- Mt Lebanon Magazine - https://lebomag.com -

town topics

Down the slide and into summer—all the more fun this year because we had to wait so long for warm weather. If you don’t have your pool pass yet, there’s still plenty of swim time left. Get your passes at the Recreation Department office (right next to the pool!) Monday through Friday, 8:30 to 5, and at the ice rink, Monday through Saturday, 9 a.m. to 8 p.m. and Sunday, 9:30 to 4. /photography: Jacqueline Radin

ARTISTS’ MARKET NEEDS YOU By now your calendar should have big yellow highlights on Saturday and Sunday, September 22 and 23, when the Mt. Lebanon Artists’ Market takes over the Academy Avenue lot. Enjoy dozens of vendors with art you won’t see anywhere else, plus food, music and entertainment, including live music from Pete Hewlett and Scott Anderson. From fiber to sculpture to fine jewelry, the market has earned a reputation for its quality and its fun character.

The festive event, presented by the Mt. Lebanon Partnership, is a signature event. And now, the Partnership needs YOU! It takes dozens of volunteers to make this event run as smoothly as it does. Sign up now at www.mtlebanonartistsmarket.com [1]. The Partnership also is looking for patrons to sponsor the event and help defray the cost. All the info is available on the website, or contact planners Steve and Wendy Denenberg at 412-341-1744 or info@mtlebanonartistsmarket.com [2].

 

GOVERNMENT TRANSPARENCY A new feature on OpenGov, Mt. Lebanon’s interactive municipal finance platform, allows municipal staff to craft stories about a variety of topics. Visit the Mt. Lebanon’s OpenGov [3] page, and then click on “stories” to learn about the bond issue that was passed to fund improvements to the ice center and to upgrade the public works complex, and to review Mt. Lebanon’s 2017 annual financial report.

 

CLASSY CARS Whether you like hot rods, cruisers or sedans, you’ll find something to love at the Mt. Lebanon Police Department Classic Car Show and Street Festival. The 23rd annual show is from noon to 4 on Sunday, July 8, on Washington Road. Enter your car or just enjoy the day on the avenue with your family. Admission is free but there is plenty of food, music and entertainment. The show supports Mt. Lebanon Police Department youth programs. For more details and entry information: www.mtlebanonpd.org [4].

The Mt. Lebanon Police Department Classic Car Show is one of summer’s mainstays. This year’s show is from noon to 4 on Sunday, July 8. /Photography: Sam Oshlag

SEEKING JUNIOR COMMISSIONERS The Commission is seeking two Mt. Lebanon students to serve as junior commissioners for the 2018-19 school year. Candidates must be rising juniors or seniors and will serve one semester. They will attend public meetings, report on student initiatives and get a close-up look at local government. Apply [5] by Thursday, July 12Interviews will take place in late summer.

 

NEW LOOK FOR MCNEILLY? Mt. Lebanon has submitted an application to the Pennsylvania Department of Conservation and Natural Resources (DCNR) for a grant to install an access road, parking area and walking trails in McNeilly Park. The grant requests a state funding match of $210,030, half the cost of the estimated $420,060 project. 
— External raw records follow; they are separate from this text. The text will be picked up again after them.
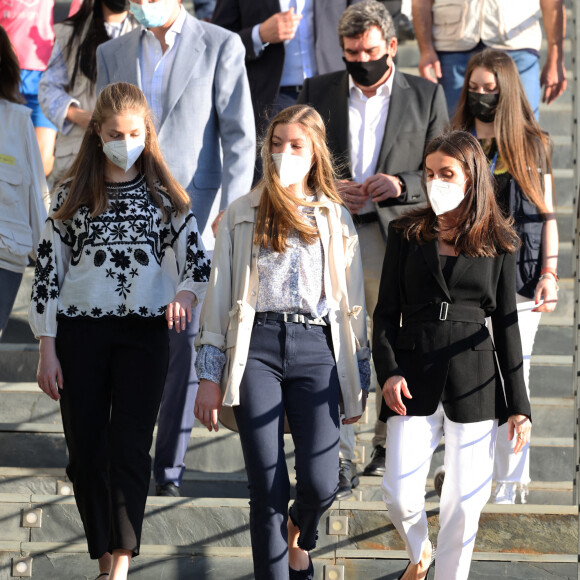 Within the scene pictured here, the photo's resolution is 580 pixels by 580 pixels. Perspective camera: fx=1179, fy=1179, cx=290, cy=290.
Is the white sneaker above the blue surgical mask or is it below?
below

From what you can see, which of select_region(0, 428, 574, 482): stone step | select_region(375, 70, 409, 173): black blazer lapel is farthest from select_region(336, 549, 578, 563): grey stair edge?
select_region(375, 70, 409, 173): black blazer lapel

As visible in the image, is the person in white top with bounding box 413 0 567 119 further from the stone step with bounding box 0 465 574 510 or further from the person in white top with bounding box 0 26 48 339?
the person in white top with bounding box 0 26 48 339

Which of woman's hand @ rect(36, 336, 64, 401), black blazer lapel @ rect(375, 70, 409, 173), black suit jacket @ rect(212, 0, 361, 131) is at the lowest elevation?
woman's hand @ rect(36, 336, 64, 401)

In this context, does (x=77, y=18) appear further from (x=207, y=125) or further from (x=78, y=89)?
(x=207, y=125)

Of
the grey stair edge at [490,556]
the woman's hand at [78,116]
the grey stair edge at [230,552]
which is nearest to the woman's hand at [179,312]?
the grey stair edge at [230,552]

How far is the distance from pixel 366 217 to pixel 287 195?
128 centimetres

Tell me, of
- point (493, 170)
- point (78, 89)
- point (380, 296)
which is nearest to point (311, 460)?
point (380, 296)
Mt. Lebanon acquired the 23-acre parcel of land on McNeilly Road, near the border of Baldwin Township, in 2004, with the intention of building athletic fields. The $1.8 million purchase was made with a $200,000 grant from the DCNR, with the stipulation that the land be used for recreation. High cost estimates stalled plans for building sports fields on the property, and the land has remained largely undeveloped, with the exception of a couple of walking trails.

The grant would provide for more trails, an access road and ADA-compliant parking spaces. The trail close to the western end of the park would be near Brookdale Assisted Living and Seton-LaSalle High School. “We want to attract potential users from different age groups,” says planner and assistant manager Ian McMeans.
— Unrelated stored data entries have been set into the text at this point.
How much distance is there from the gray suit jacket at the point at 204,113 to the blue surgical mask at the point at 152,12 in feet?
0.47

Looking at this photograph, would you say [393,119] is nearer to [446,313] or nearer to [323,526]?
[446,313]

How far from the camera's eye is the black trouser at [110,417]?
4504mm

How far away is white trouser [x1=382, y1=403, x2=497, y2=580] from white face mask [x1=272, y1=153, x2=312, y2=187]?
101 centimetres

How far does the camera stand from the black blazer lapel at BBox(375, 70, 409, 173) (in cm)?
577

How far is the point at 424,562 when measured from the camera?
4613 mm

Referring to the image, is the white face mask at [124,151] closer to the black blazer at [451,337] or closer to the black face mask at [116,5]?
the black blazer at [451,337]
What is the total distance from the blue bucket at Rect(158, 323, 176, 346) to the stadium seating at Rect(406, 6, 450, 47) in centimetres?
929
The plans also call for a rain garden, which would handle any stormwater runoff that would be caused by the paving of the parking lot. The planned upgrade would be minimally intrusive, McMeans says, covering less than an acre of the park.

“This will leave the door open for doing something bigger later on,” he says.The DCNR will not announce the grant awards until late in the year, McMeans says, possibly as late as November.